Adjusted for age, gender (for total sample analysis), country of birth, socioeconomic status, remoteness of residential postcode, months on learner license, professional supervised driving hours on learner license, private supervised driving hours on learner license, number of attempts at driving tests, self-rated driving ability, average weekly driving hours, months between provisional license and study entry, and previous crash.
A high score compared with a low score on the risk perception measure (poorer perception of safety) was also associated with increased crash risk in univariate and multivariate models; however, this significant association was not sustained after adjustment for risky driving behavior.
There were no significant differences in risk estimates by gender. Although the effect size for risky driving behaviors was higher for women than men (for women, RR = 1.68; 95% CI = 1.30, 2.17; for men, RR = 1.41; 95% CI = 1.08, 1.84), the difference was not significant. There was, similarly, no difference by gender in the effect of risk perception on crashes (Table 3). Likewise, there was no effect modification by age for either risky driving behaviors or risk perception.
DISCUSSION
We found that self-reported risky driving behaviors among novice drivers were linked to a 50% increased risk of a crash after control for multiple confounders. However, whereas perception of risk was associated with crash risk (those who regarded potentially dangerous situations as safe having a higher risk of crash), it was not found to be an important crash predictor after accounting for reported risky driving behaviors. Measures of risky driving and risk perception were only weakly correlated (although this correlation was statistically significant), probably because of the large sample size.

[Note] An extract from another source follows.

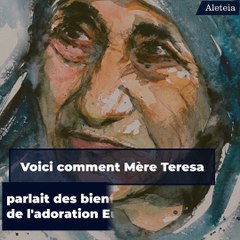 Ce que Mère Teresa disait des bienfaits de l'adoration eucharistique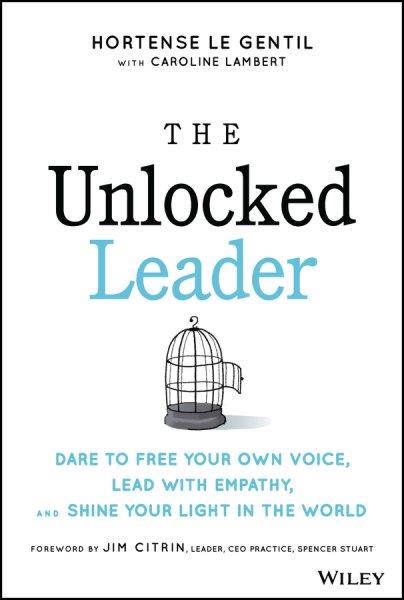 The unlocked leader : dare to free your own voice, lead with empathy, and shine your light in the world / Hortense le Gentil with Caroline Lambert ; foreword by Jim Citrin.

These findings confirm and strengthen those from recent international studies. Earlier Australian research found an increased risk of crashes in the first year of driving for young drivers who reported risky driving.46 A recent British cohort study of young drivers also showed that risk of a self-reported crash was higher in the first year of licensure among participants reporting intentional violations of traffic laws.50 In Finland, researchers found that, although risk-taking attitudes had a substantial direct effect on risky driving, risk perceptions did not.42 Earlier US research also found that risk perception was not a good predictor of reported seatbelt use.51 Generally, young people who undertake, or are exposed to, risky driving behaviors also perceive driving risks as low, and those perceiving risk as high are less likely to undertake the behavior.15,35,39,42 Nonetheless, studies have also shown that young people who perceive driving risks as high can still report engaging in these behaviors.18,37
The need for interventions targeting risky driving behavior, independent of risk perception, is clear and offers some explanation as to why drivers' education programs that focus on increasing awareness and knowledge of driving risks without seeking behavior change have generally not succeeded in reducing crashes.52,53 Research suggests that licensing reform has an important role in effecting behavior change among novice drivers.3,4,54–56 Enforcement regimes can effectively deter risky driving behavior without requiring improvements in risk perceptions, both through issuance of sanctions (specific deterrence) and through highly visible programs that appear ubiquitous (general deterrence).57
As highlighted in this research, novice drivers ranked 2 known risk behaviors—driving with multiple passengers and driving late at night—lowest on the risk perception scale. Driving with multiple passengers was also the most commonly reported risky driving behavior for both genders (almost half of the sample). Research has shown that implementing graduated driver licensing restrictions to limit passengers and restrict late-night driving among new drivers has reduced crashes.54–56 These findings suggest that such licensing reforms are warranted.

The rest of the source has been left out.